1.28.2007

another buggles song.

Ever since I purchased my first ipod, I fell in love with the shuffle feature; shuffle was just about the only way I'd listen to music anymore. This week I decided to return to some of my favorite albums, so I turned off the shuffle and scrolled through my options: The Beatles' Sgt. Pepper's Lonely Hearts Club Band, The Who's Quadrophenia, Pink Floyd's The Wall, and The Cure's Kiss Me, Kiss Me, Kiss Me, just to name four. There are tons more of course, but I immediately realized that most of them are from around thirty years ago and none are from the twenty-first century. I haven't checked thoroughly, but I'm not sure I could even find an album from the nineties that would qualify as a favorite.*

Why is this? Does all current music actually suck? Certainly not. Was rock back then that good? I'm not that sure.

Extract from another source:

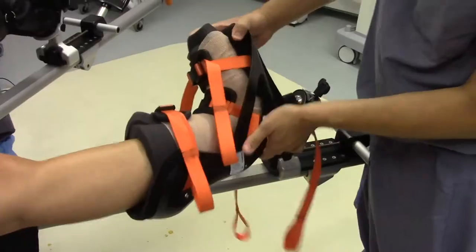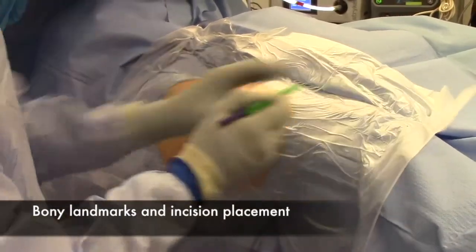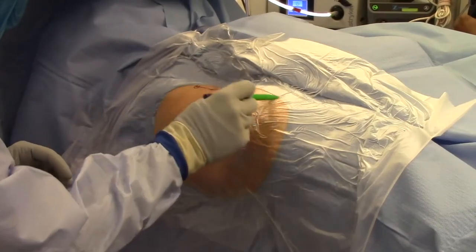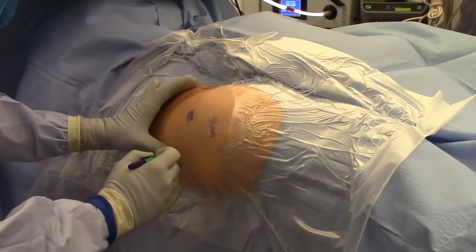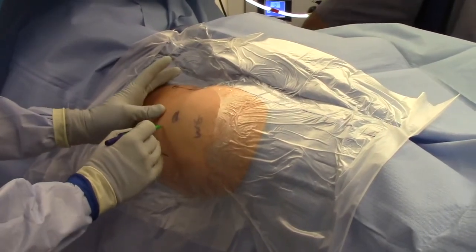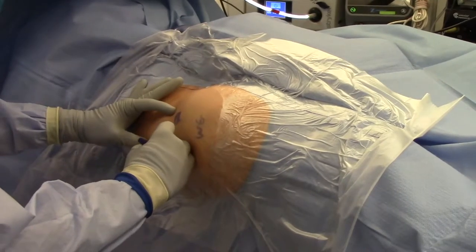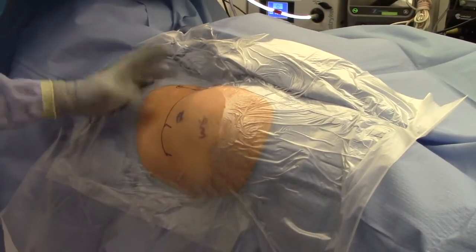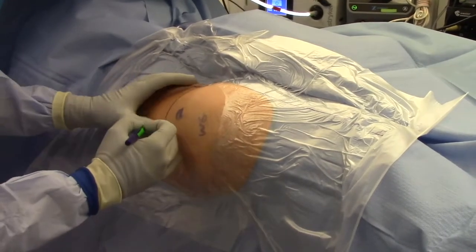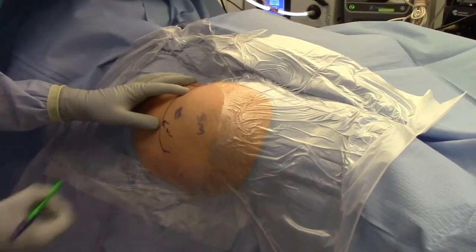The landmarks for hip arthroscopy are as follows. The ASIS and the patella are the landmarks to create a vertical line on the leg. Second, find the greater trochanter and mark the back and the front of it to accurately place your portals. A transverse line drawn across the tip of the greater trochanter, which intersects with the vertical line, will show you the safe zone for hip arthroscopy.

Most of the music released today seems to be made for the shuffle format. It's delivered in small bites and not often presented in the context of a full-length concept album; instead it's all mp3s. Why? Because this is how we're all listening to it now. When I buy a new album, I'll give it one or two listens all the way through, and then I'll throw it in the entire Itunes library. From then on, I'll hear it in bits and pieces among all that other music in there. With almost 9,400 songs and growing, it could even get lost for a while.

It's a shame, really. Ipods killed the classic rock album. Internet killed the album star.

* Perhaps some Radiohead or Flaming Lips. As I said, I haven't done a full inventory here.